--- Task brief ---
Repeat everything from the first line of the listing below through the line that contains "So we know that", exactly. Leave out pictures.

--- Provided data ---
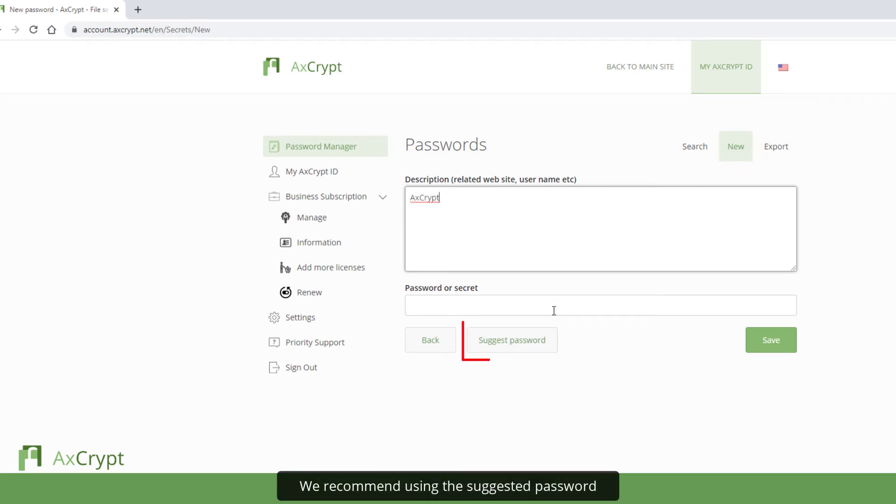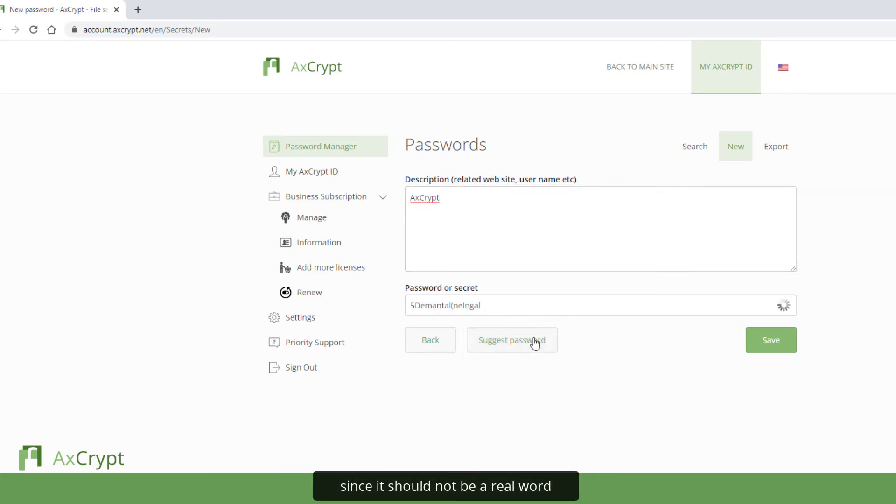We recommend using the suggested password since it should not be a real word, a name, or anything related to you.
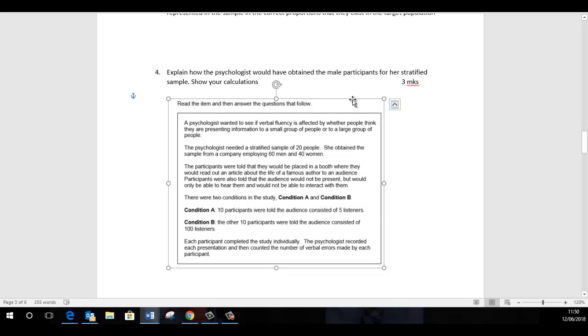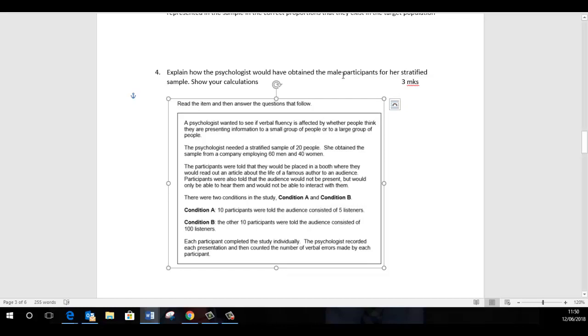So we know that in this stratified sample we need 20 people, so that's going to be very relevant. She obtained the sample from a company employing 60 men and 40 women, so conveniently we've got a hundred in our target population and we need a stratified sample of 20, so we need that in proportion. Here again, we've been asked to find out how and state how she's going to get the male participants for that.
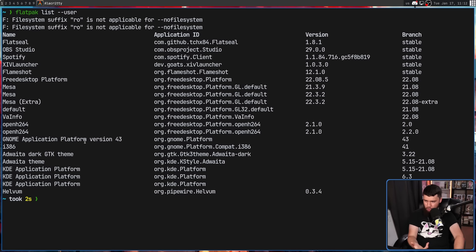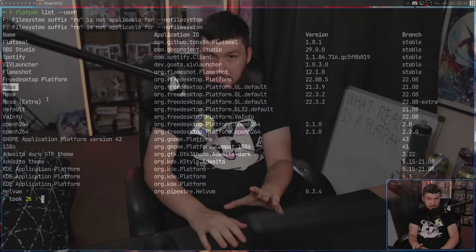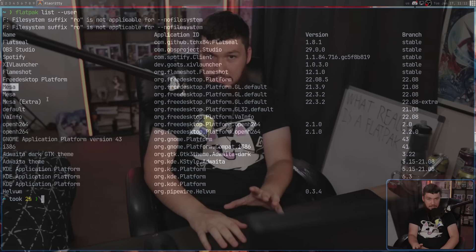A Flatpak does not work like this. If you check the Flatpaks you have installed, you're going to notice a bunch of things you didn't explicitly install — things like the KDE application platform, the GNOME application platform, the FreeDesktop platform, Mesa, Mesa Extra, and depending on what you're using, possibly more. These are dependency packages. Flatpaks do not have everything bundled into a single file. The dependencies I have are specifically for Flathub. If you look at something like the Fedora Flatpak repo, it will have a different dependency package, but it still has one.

--- Answer to the problem ---
We recommend using the suggested password since it should not be a real word, a name, or anything related to you.
So we know that in this stratified sample we need 20 people, so that's going to be very relevant. She obtained the sample from a company employing 60 men and 40 women, so conveniently we've got a hundred in our target population and we need a stratified sample of 20, so we need that in proportion. Here again, we've been asked to find out how and state how she's going to get the male participants for that.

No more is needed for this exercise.